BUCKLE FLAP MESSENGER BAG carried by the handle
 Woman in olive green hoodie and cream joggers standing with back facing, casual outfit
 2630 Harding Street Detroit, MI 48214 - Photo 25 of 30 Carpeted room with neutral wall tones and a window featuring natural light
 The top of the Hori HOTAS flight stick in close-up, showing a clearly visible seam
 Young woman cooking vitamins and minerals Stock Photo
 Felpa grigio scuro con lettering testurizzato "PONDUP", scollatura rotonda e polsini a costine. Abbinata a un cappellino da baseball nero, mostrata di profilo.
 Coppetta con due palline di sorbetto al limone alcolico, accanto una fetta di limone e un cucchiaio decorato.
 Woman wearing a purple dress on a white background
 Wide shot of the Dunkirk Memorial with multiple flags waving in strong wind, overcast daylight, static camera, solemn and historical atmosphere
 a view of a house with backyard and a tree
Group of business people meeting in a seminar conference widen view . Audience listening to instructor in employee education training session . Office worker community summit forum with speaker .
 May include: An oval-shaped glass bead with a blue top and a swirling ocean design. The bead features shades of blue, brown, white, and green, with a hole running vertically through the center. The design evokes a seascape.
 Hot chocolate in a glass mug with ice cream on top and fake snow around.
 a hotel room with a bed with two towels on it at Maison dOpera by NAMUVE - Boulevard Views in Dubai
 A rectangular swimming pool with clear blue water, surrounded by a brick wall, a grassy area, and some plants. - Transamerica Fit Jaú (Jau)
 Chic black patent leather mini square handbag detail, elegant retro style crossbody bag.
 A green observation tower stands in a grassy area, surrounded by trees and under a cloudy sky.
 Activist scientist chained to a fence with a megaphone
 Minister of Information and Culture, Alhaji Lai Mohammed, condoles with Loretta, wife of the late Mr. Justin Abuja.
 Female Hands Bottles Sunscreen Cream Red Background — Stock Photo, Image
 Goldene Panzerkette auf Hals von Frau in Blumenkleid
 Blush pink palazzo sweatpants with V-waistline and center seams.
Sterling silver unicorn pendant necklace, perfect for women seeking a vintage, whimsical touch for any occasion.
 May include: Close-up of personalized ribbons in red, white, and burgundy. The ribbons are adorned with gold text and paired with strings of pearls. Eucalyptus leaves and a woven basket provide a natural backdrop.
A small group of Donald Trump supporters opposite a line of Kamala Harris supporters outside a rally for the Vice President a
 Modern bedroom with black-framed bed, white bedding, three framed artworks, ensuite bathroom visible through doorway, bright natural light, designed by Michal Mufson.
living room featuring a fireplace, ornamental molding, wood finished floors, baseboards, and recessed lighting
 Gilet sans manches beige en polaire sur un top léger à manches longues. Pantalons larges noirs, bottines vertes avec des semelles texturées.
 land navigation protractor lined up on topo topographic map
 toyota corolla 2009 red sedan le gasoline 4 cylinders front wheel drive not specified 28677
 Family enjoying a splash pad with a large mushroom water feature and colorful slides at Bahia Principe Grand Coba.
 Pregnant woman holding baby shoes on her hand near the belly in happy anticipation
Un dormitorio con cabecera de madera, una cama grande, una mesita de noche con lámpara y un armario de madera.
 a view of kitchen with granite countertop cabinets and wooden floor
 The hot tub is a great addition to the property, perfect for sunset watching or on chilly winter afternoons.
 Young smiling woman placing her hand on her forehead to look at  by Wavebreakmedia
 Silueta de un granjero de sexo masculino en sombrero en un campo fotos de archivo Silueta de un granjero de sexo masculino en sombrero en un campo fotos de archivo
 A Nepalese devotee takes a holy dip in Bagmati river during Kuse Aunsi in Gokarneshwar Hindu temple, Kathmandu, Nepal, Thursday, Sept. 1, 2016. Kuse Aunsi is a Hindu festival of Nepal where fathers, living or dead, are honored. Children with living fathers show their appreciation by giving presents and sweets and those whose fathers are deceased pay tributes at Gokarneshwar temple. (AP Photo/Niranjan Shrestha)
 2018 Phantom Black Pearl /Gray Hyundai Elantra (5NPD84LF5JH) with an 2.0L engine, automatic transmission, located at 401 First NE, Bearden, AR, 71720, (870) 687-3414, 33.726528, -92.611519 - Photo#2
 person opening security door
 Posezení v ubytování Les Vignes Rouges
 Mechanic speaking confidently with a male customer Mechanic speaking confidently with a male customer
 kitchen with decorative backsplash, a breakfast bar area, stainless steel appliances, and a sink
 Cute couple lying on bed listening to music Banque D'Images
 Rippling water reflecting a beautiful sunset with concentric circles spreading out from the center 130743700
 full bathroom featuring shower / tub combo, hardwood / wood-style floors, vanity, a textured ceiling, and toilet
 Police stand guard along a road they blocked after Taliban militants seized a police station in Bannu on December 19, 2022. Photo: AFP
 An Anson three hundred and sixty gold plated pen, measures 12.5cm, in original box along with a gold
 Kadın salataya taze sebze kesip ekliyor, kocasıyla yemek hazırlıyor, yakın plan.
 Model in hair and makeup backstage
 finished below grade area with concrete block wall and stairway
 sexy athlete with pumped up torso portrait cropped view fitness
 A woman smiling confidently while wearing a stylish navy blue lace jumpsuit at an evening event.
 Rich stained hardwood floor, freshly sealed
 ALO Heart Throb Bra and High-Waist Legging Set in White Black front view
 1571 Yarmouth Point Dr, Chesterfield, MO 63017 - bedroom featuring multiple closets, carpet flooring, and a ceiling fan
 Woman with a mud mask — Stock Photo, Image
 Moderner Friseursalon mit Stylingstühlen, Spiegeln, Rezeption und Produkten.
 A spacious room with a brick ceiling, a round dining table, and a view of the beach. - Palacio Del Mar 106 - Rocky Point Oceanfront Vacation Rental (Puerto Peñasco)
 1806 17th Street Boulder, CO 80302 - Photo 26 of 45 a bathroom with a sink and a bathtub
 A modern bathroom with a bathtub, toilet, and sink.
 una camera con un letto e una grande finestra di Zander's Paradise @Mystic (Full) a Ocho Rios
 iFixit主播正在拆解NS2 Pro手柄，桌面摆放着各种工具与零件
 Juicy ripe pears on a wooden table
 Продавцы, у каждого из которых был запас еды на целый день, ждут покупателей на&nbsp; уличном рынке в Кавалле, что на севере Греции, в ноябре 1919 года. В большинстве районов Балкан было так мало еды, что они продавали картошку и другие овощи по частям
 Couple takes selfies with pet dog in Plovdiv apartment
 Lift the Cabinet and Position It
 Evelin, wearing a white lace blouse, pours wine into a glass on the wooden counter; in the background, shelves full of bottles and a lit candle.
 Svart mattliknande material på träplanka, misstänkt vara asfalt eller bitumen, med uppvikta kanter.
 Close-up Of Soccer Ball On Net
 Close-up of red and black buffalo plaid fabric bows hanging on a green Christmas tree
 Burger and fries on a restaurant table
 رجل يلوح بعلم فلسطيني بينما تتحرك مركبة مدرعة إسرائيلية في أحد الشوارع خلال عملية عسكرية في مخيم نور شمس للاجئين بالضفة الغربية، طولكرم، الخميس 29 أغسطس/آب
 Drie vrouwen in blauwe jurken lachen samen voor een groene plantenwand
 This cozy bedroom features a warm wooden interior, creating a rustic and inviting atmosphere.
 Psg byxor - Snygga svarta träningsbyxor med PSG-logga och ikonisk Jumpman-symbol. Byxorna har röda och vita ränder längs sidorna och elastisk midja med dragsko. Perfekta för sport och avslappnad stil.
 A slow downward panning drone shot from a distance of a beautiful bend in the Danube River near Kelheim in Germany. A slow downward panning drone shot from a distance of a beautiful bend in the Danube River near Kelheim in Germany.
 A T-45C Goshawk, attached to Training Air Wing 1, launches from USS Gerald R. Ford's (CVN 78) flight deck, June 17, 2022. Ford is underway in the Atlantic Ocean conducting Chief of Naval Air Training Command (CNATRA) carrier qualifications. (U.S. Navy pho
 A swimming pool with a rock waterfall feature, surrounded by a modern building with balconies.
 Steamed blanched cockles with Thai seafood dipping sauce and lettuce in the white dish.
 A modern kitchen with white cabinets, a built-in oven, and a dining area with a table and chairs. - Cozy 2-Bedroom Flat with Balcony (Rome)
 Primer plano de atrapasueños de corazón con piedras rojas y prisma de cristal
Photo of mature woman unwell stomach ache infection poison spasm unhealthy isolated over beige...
--------------------------------------------------
TASK PROMPT: Up to and including the line with "a view of a house with backyard and a tree", restate the records above word for word from the very first line.

THE COMPLETED TASK:
BUCKLE FLAP MESSENGER BAG carried by the handle
 Woman in olive green hoodie and cream joggers standing with back facing, casual outfit
 2630 Harding Street Detroit, MI 48214 - Photo 25 of 30 Carpeted room with neutral wall tones and a window featuring natural light
 The top of the Hori HOTAS flight stick in close-up, showing a clearly visible seam
 Young woman cooking vitamins and minerals Stock Photo
 Felpa grigio scuro con lettering testurizzato "PONDUP", scollatura rotonda e polsini a costine. Abbinata a un cappellino da baseball nero, mostrata di profilo.
 Coppetta con due palline di sorbetto al limone alcolico, accanto una fetta di limone e un cucchiaio decorato.
 Woman wearing a purple dress on a white background
 Wide shot of the Dunkirk Memorial with multiple flags waving in strong wind, overcast daylight, static camera, solemn and historical atmosphere
 a view of a house with backyard and a tree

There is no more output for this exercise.